Andhra HC (Pre-Telangana)

State Bank Of Hyderabad, Msme ... vs The Tahsildar, Hanamkonda Mandal, ... on 5 October, 2012

Author: L.Narasimha Reddy

Bench: L.Narasimha Reddy

       

  

  

 
 
 THE HON'BLE SRI JUSTICE L.NARASIMHA REDDY          

WP Nos.27987 of 2012 and Batch   

05-10-2012 

State Bank of Hyderabad, MSME Branch,Warangal                                                   

The Tahsildar, Hanamkonda Mandal, Warangal District & others 
                                                
Counsel for the petitioner: Sri Addepally Suryanarayana andSri A. Krishnam Raju

Counsel for respondents:G.P.for Revenue for RRs 1&2 Sri A. Ravinder Reddy for
R-3

<Gist:

>Head Note: 

?Citations:
1)1997(6) ALD 726 (DB) 
2)(2009)4 SCC 94 
3)(1995)2 SCC 19 

Writ Petition Nos.27987, 11101 and 11102 of 2012 

COMMON ORDER:

The subject-matter of these writ petitions is common. Hence, they are disposed of through a common order. For the sake of convenience, the parties are referred to, as arrayed in W.P.No.27987 of 2012.

All the three writ petitions are filed by the same petitioner. While in W.P.Nos.11101 and 11102 of 2012, two notices dated 02-04-2012 and 09-04-2012 issued by the Tahsildar, Dharmasagar Mandal, the 1st respondent herein, under Section 22 of the A.P. Revenue Recovery Act, 1864 (for short 'the Act') are challenged, W.P.No.29787 of 2012 is filed, challenging the notice dated 09-08-2012, issued under Section 36 of the Act.

The petitioner advanced loans to two rice mills, viz., M/s Lakshminarasimha Industries, IDA, Rampur Village, Dharmasagar Mandal, and M/s Somanath Agro Industries, Ramanjapur, Venkatapur Mandal, Warangal District. It is stated that movable and immovable properties pertaining to the rice mills were hypothecated or mortgaged, as the case may be, as security, for repayment of loan. Both the loans are said to have become non-performing assets. It is stated that proceedings are being initiated before the Debt Recovery Tribunal, Hyderabad.
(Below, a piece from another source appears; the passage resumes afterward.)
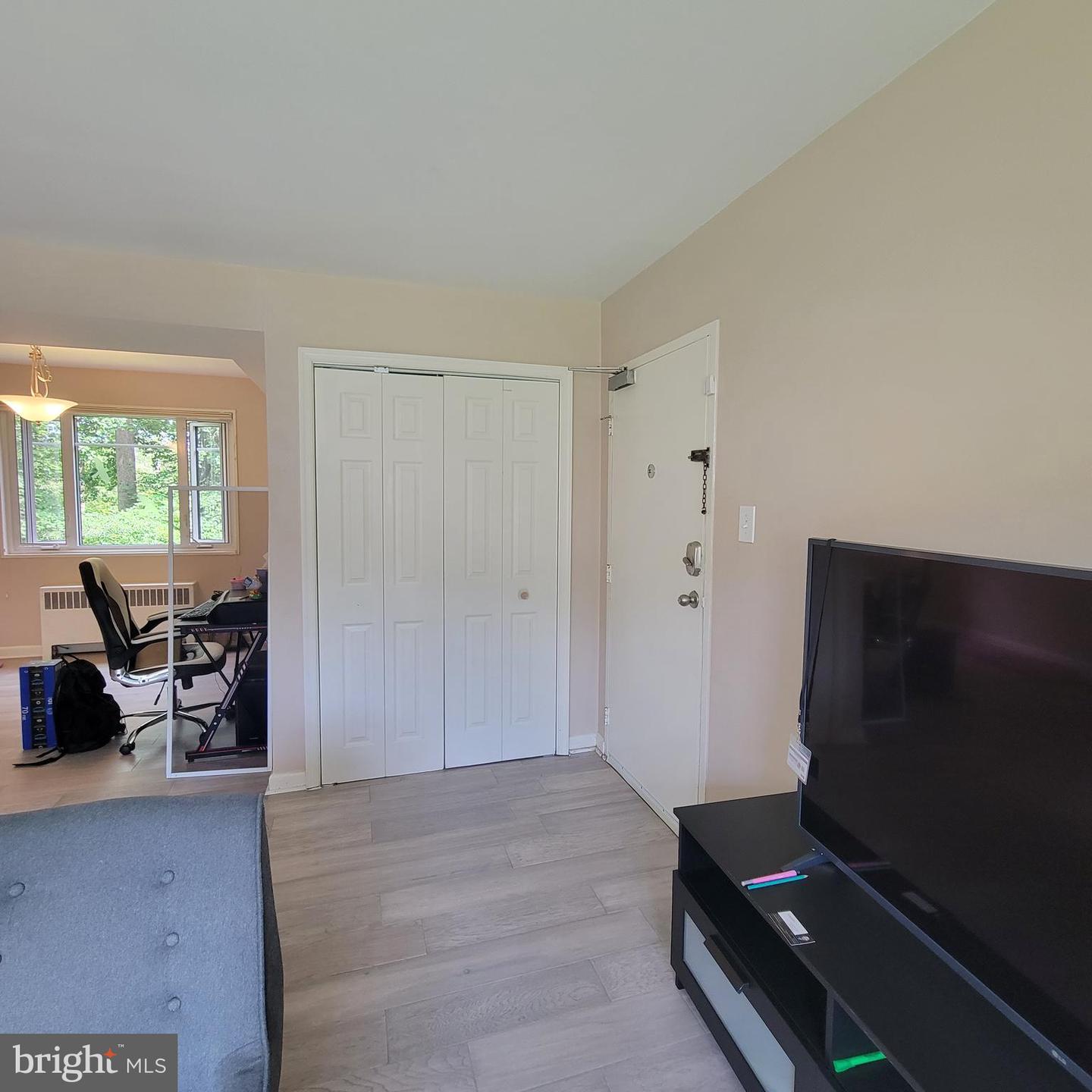 10407 Montrose Ave #201 Property Photo 7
The A.P. State Civil Supplies Corporation Limited, the 3rd respondent herein, supplied huge quantities of paddy to the two rice mills, referred to above, for conversion into rice and supply of the same to the Food Corporation of India. However, the mills did not supply the rice, and have virtually appropriated the paddy supplied to them. The 3rd respondent approached the District Collector, Warangal, the 2nd respondent, who, in turn, directed the 1st respondent to initiate proceedings under the Act. Initially, notices were issued under Section 22 of the Act, requiring the defaulter to pay the amounts due, which run into crores of rupees, within the stipulated time. Since the amount was not deposited, steps were initiated for sale of the property owned by the mills as well as, of their partners.

The petitioner contends that the movable and immovable properties owned by the respective mills are hypothecated or mortgaged to it, and as long as the charge remains, the proceedings under the Act cannot be initiated, vis--vis the said properties. It is also pleaded that the very initiation of proceedings under the Act is untenable, since prior determination of the amount was not done. The petitioner further contends that the primacy accorded to the process of recovery of arrears of land revenue cannot be extended to the amounts, referred to as 'deemed arrears' and that they can be recovered through the ordinary process of law.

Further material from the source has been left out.